I see the Republicans have been trying to shred that old snake skin for a new disguise of deceit. Republicans are the same as they have always been deceivers and outright liars.
Jindal wrote an op-ed last week arguing that the GOP needs to stop trying to appeal to voters with dumbed-down slogans and tag-lines, and instead to articulate their plans to voters in real terms. The majority of the piece was, you guessed it, the same mindless conservative rhetoric that failed at the polls ("Focus on people, not government" and "Government spending does not grow our economy" and "President Barack Obama and the Democrats can continue trying to divide America into groups of warring communities with competing interests, but we will have none of it.").
At the end of the piece, Jindal does give two relatively more 'specific' policy proposals. What were they? Energy independence (as an outcome, without any plan) and updated education system. In other words, after voters rejected Romney's platform a week ago, Jindal's big idea is to recycle 40% of Romney's five-point plan (which, by the way was no different from the McCain plan or the Bush plan). Jindal is transparently attempting to brand himself as 'the smart Republican' in the room. In reality, it's the same stupidity, in a more polite package.
http://www.cnn.com/2012/11/15/opinion/jindal-gop-election/index.html
The guy who supposedly wants Republicans to stop being the stupid party is working toward "market based" health care reform by refusing to establish a health insurance market in Louisiana.
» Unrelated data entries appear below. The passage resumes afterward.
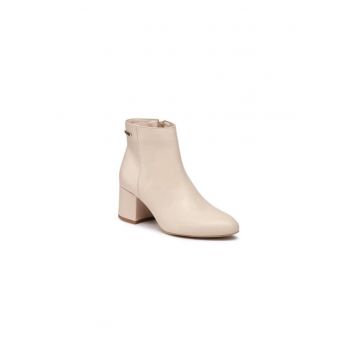 Ghete dama  208463751 - Piele naturala - 37 EU - Bej Ghete dama  208463751 - Piele naturala - 37 EU - Bej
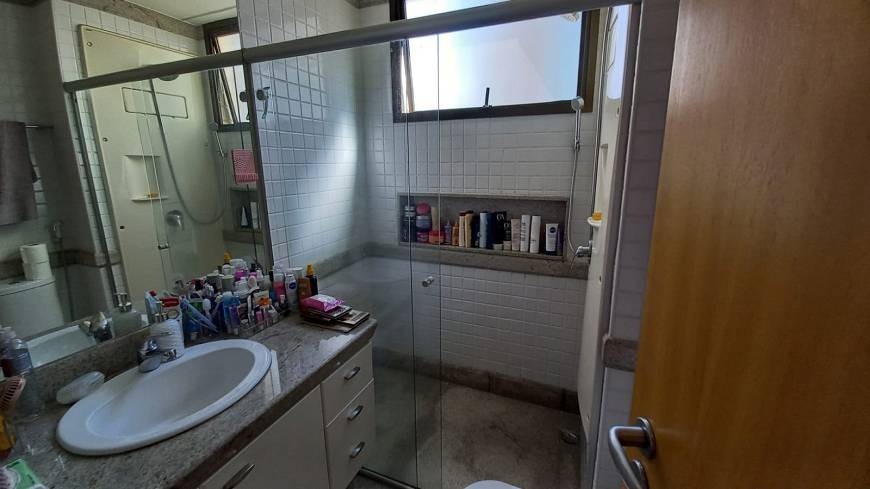 Apartamento à venda com 3 quartos, 180m² - Foto 14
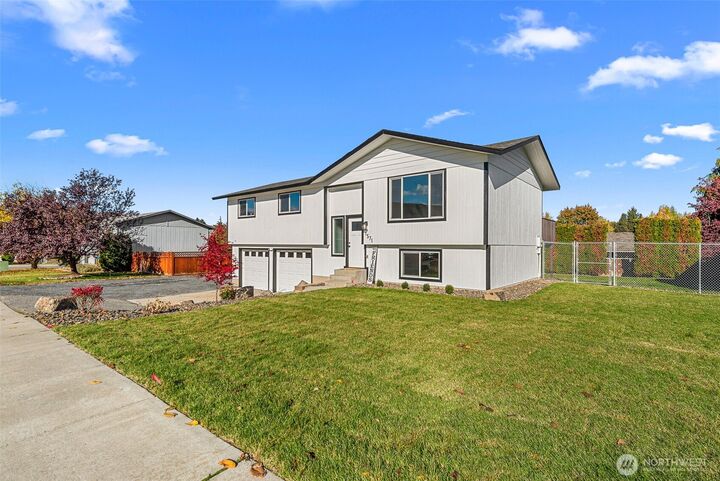 Property Photo:  1571  3rd Street SE  WA 98802 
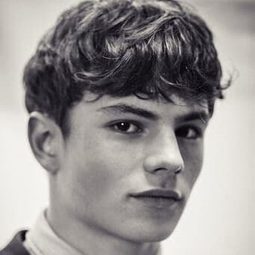 Antoine Simony 飾演 Chris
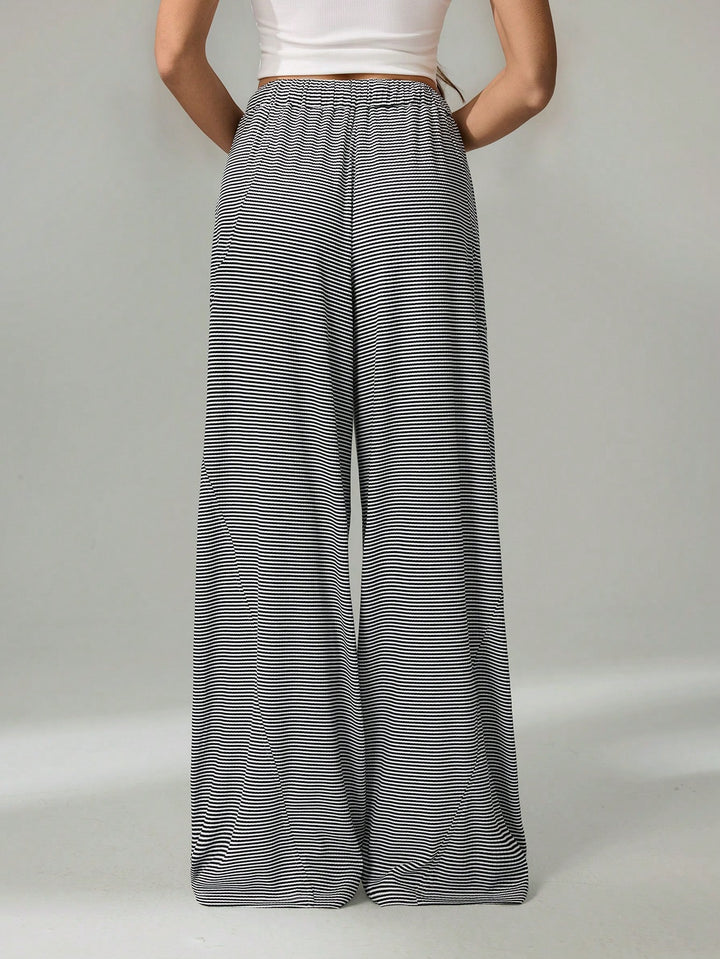 Pantaloni SHEIN, negru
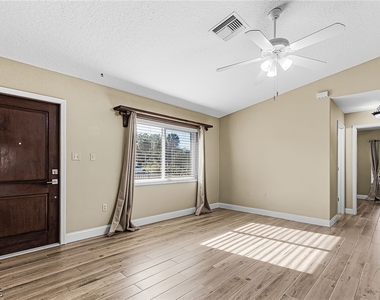 985 Quail Run - Photo Thumbnail 6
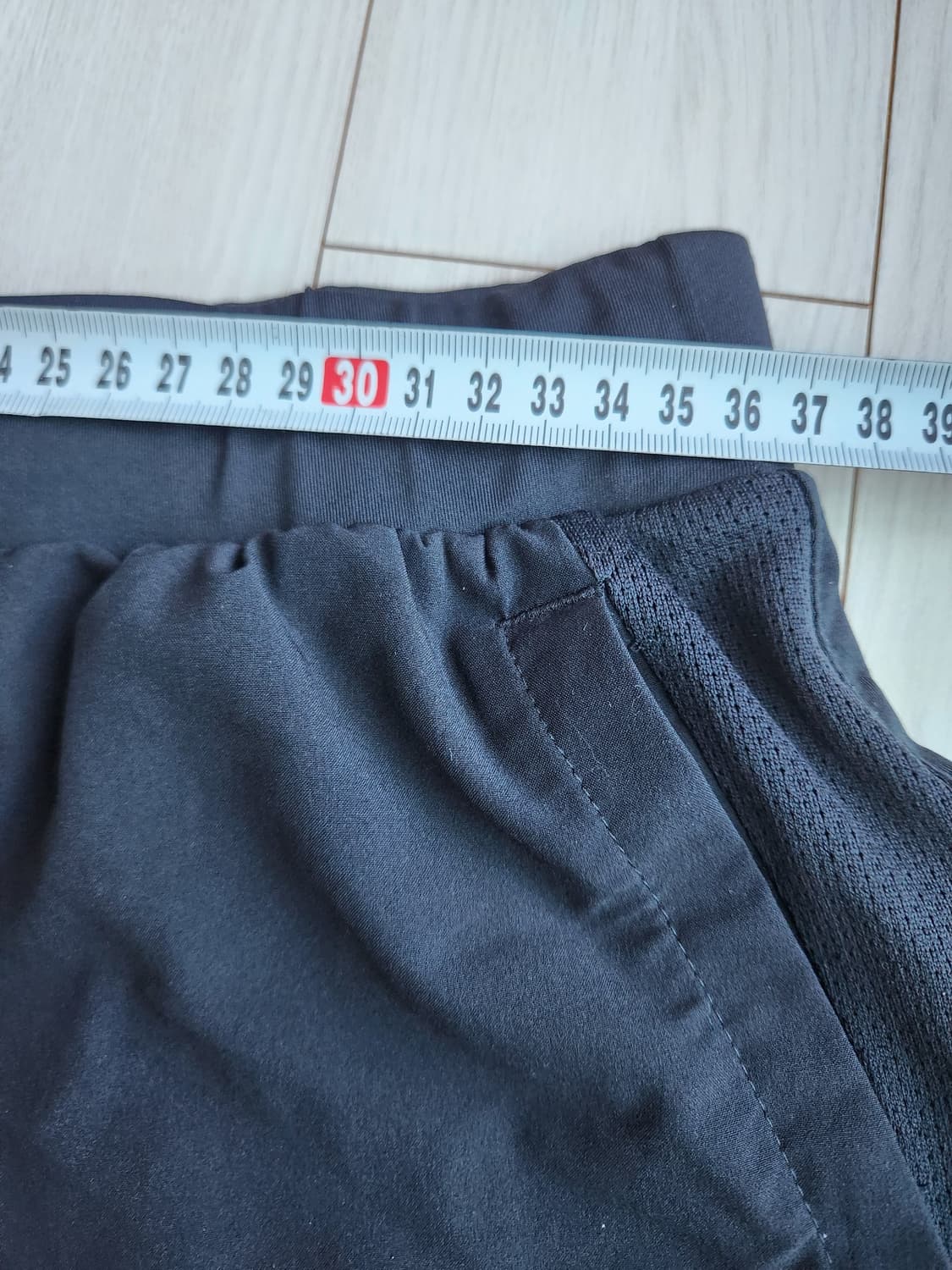 언더아머 히트기어 반바지 러닝 웨이트 쇼츠 블랙 사이즈L

사용감 약간  상품이미지2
One senses that the GOP currently believes that all Willard Mitt had to do was pander to Latino voters—utterly missing the point that the problem with the Republican party, their choice of candidate and the type of campaign they devised, was profoundly hateful and dismissive of deeply held convictions—that our voice and our votes mattered, the taxes we do pay (that many seem to believe we do not), the work that we do and the families we raise matter and have an impact in how we are governed.
The GOP has always needed scapegoats—recall Reagan’s “welfare queen”--someone who can be portrayed as “different,” somehow “un-American.” But this time what came under attack was our President and the diverse accents with which we all spoke in one American voice. What would Gingrich do without his “food stamp President,” or Willard without his 47%?
On election night President Obama made calls to Speaker Boehner and Mitch McConnell and was told they were both asleep. Like sulky stood up prom dates they ignored the calls. One does not get woken up when the President of the United States calls? And after stating that the Affordable Healthcare Act was the “law of the land” John Boehner had to retract it in the face of Tea Party pressure and, yet again, state his mission to have the law repealed. It seems they have learned nothing. I suspect that the rising tide of Latino, African-American and Women voting power will easily drown the political coward who caves to the bigoted and the hateful.
Poison the water but don't drink it.
Jindal, Barbour, Rubio, Christie, Ayotte and many more on the current the list of GOP penitents were all fiercely defending the GOP hard line until Nov. 6, 2012. The only difference between them and Romney, is that Willard's flip-flopping was synchronized to a boiled egg timer, these guys flip flop to the beat of a political drumming. Not all the GOP has accepted the drumming given to them by the Dems. Ryan and his followers are firmly entrenched in their hardcore views. They still blame the election loss on high voter turn out, in particular minority voters (urbanites), so look out for more voter suppression. The main issue is the GOP still has the same evangelical and tea party base so nothing the penitents say or do will really change how they really act in office, except they found their mask of reasonableness in their closets to try and fool us. If you really listen to them they may sound like they are cooperative or have a different perspective but it is all a ruse and play on words. The GOP also thinks that by putting a person of color in the forefront they will win over the minorities, Llatinos, Asians or Blacks. If you still have the same policies, it ain't gonna work. The GOP = The American Taliban.